- Exercise description:
For every entry below, retype it exactly as it reads.

(Dataset records)
BEGIN

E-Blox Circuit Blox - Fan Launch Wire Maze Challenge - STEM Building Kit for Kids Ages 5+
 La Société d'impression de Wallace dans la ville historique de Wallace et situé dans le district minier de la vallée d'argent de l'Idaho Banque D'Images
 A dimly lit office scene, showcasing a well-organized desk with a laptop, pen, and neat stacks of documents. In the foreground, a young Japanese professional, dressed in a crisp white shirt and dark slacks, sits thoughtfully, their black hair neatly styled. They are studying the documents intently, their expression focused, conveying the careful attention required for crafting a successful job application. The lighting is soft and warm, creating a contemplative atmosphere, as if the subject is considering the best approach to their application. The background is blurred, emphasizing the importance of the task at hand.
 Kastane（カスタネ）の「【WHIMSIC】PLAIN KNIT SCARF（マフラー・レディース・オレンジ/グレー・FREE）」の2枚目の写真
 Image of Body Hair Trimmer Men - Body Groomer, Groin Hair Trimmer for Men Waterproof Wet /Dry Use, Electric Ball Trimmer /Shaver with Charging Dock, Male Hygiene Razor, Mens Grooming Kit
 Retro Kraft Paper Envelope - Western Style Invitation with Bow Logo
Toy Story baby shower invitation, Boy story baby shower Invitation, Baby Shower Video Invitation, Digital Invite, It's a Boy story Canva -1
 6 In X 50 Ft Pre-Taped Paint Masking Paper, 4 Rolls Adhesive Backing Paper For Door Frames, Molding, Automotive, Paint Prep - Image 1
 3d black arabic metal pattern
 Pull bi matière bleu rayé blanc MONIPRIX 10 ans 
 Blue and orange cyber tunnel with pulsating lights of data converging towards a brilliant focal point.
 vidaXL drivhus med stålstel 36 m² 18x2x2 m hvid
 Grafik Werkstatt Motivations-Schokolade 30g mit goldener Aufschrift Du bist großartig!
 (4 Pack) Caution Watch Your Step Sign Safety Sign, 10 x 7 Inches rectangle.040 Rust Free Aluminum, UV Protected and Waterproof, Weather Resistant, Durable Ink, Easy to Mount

END

- Your solution:
E-Blox Circuit Blox - Fan Launch Wire Maze Challenge - STEM Building Kit for Kids Ages 5+
 La Société d'impression de Wallace dans la ville historique de Wallace et situé dans le district minier de la vallée d'argent de l'Idaho Banque D'Images
 A dimly lit office scene, showcasing a well-organized desk with a laptop, pen, and neat stacks of documents. In the foreground, a young Japanese professional, dressed in a crisp white shirt and dark slacks, sits thoughtfully, their black hair neatly styled. They are studying the documents intently, their expression focused, conveying the careful attention required for crafting a successful job application. The lighting is soft and warm, creating a contemplative atmosphere, as if the subject is considering the best approach to their application. The background is blurred, emphasizing the importance of the task at hand.
 Kastane（カスタネ）の「【WHIMSIC】PLAIN KNIT SCARF（マフラー・レディース・オレンジ/グレー・FREE）」の2枚目の写真
 Image of Body Hair Trimmer Men - Body Groomer, Groin Hair Trimmer for Men Waterproof Wet /Dry Use, Electric Ball Trimmer /Shaver with Charging Dock, Male Hygiene Razor, Mens Grooming Kit
 Retro Kraft Paper Envelope - Western Style Invitation with Bow Logo
Toy Story baby shower invitation, Boy story baby shower Invitation, Baby Shower Video Invitation, Digital Invite, It's a Boy story Canva -1
 6 In X 50 Ft Pre-Taped Paint Masking Paper, 4 Rolls Adhesive Backing Paper For Door Frames, Molding, Automotive, Paint Prep - Image 1
 3d black arabic metal pattern
 Pull bi matière bleu rayé blanc MONIPRIX 10 ans 
 Blue and orange cyber tunnel with pulsating lights of data converging towards a brilliant focal point.
 vidaXL drivhus med stålstel 36 m² 18x2x2 m hvid
 Grafik Werkstatt Motivations-Schokolade 30g mit goldener Aufschrift Du bist großartig!
 (4 Pack) Caution Watch Your Step Sign Safety Sign, 10 x 7 Inches rectangle.040 Rust Free Aluminum, UV Protected and Waterproof, Weather Resistant, Durable Ink, Easy to Mount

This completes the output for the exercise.